*THE DATA:*
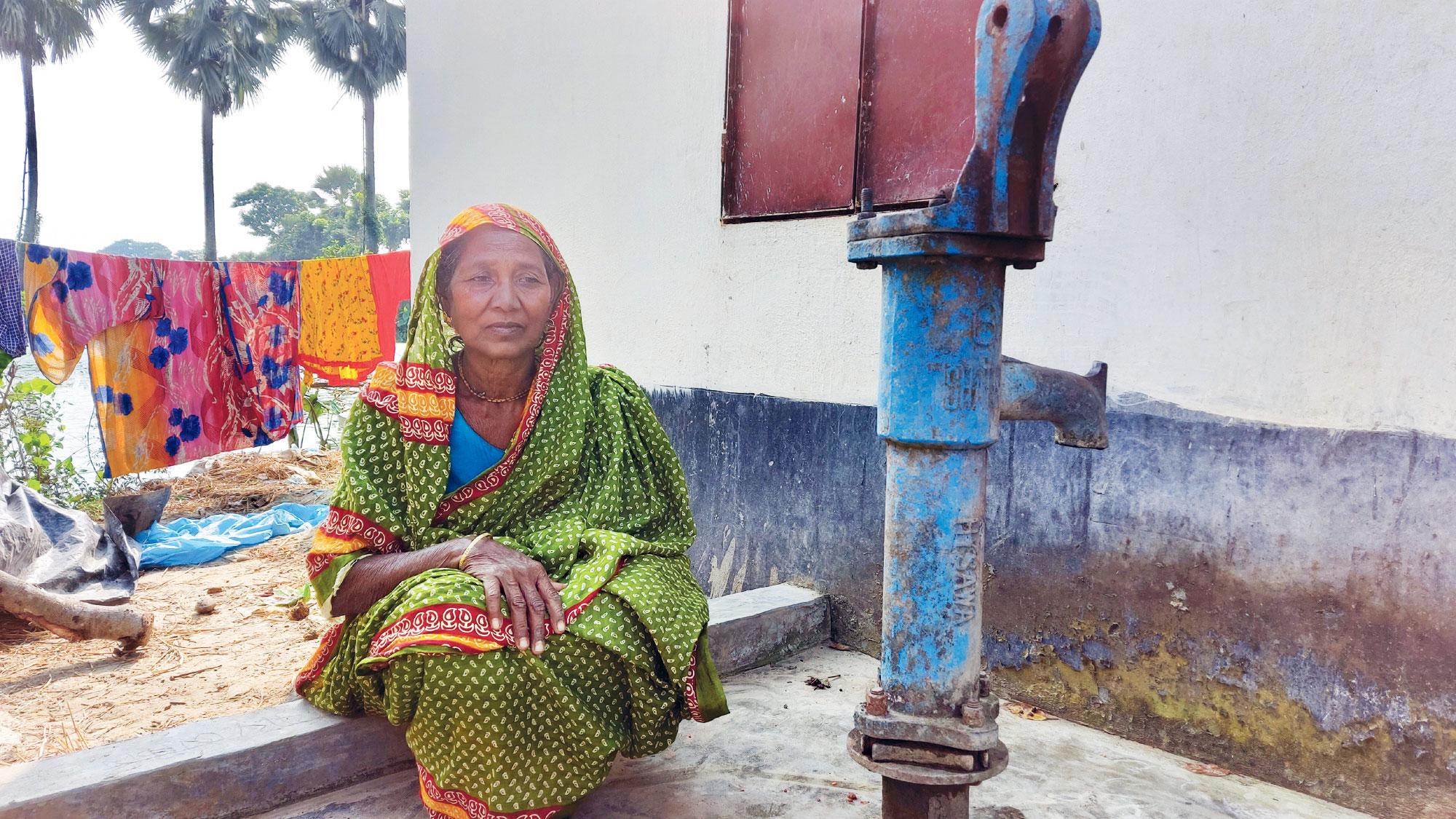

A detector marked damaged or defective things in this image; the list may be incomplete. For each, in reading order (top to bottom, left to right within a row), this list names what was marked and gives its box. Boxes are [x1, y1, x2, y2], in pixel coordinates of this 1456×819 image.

rusty hand pump [844, 1, 1101, 819]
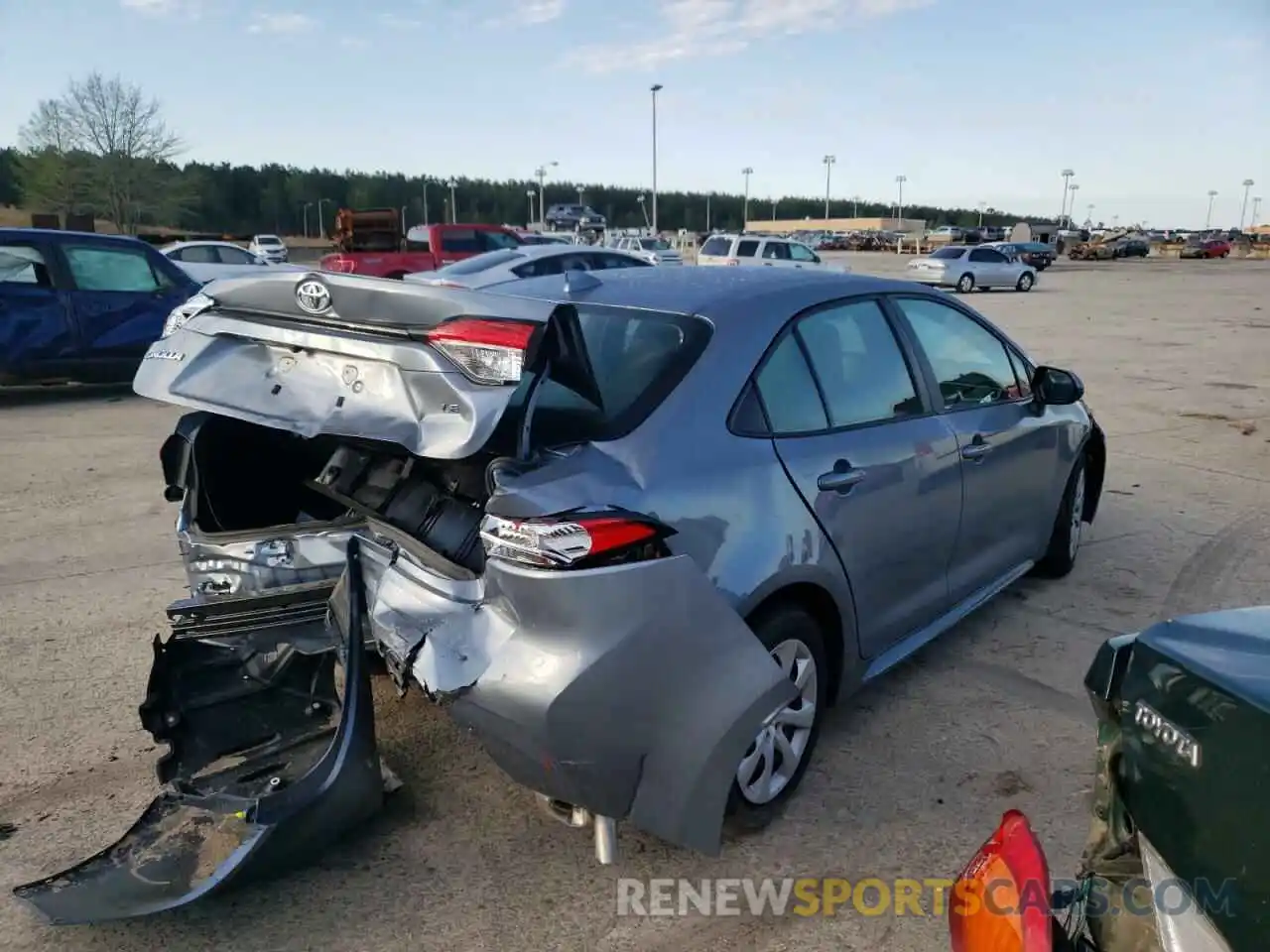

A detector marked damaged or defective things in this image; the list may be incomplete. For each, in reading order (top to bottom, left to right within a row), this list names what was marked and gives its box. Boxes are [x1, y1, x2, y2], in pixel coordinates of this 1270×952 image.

broken taillight lens [424, 317, 538, 383]
detached rear bumper cover [12, 542, 381, 923]
damaged silver sedan [12, 266, 1102, 923]
detached rear bumper cover [334, 537, 792, 858]
broken taillight lens [477, 518, 675, 571]
broken taillight lens [950, 812, 1056, 952]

*ACTION ITEM:* Minus its pictures, the full listing should be copied verbatim.

*TASK OUTPUT:*
A detector marked damaged or defective things in this image; the list may be incomplete. For each, in reading order (top to bottom, left to right within a row), this list names what was marked and gives its box. Boxes are [x1, y1, x2, y2], in pixel coordinates of this 1456×819 image.

rusty hand pump [844, 1, 1101, 819]

A detector marked damaged or defective things in this image; the list may be incomplete. For each, in reading order (top to bottom, left to right within a row), this list names what was marked and gives its box. Boxes are [x1, y1, x2, y2], in pixel coordinates of this 1270×952 image.

broken taillight lens [424, 317, 538, 383]
detached rear bumper cover [12, 542, 381, 923]
damaged silver sedan [12, 266, 1102, 923]
detached rear bumper cover [334, 537, 792, 858]
broken taillight lens [477, 518, 675, 571]
broken taillight lens [950, 812, 1056, 952]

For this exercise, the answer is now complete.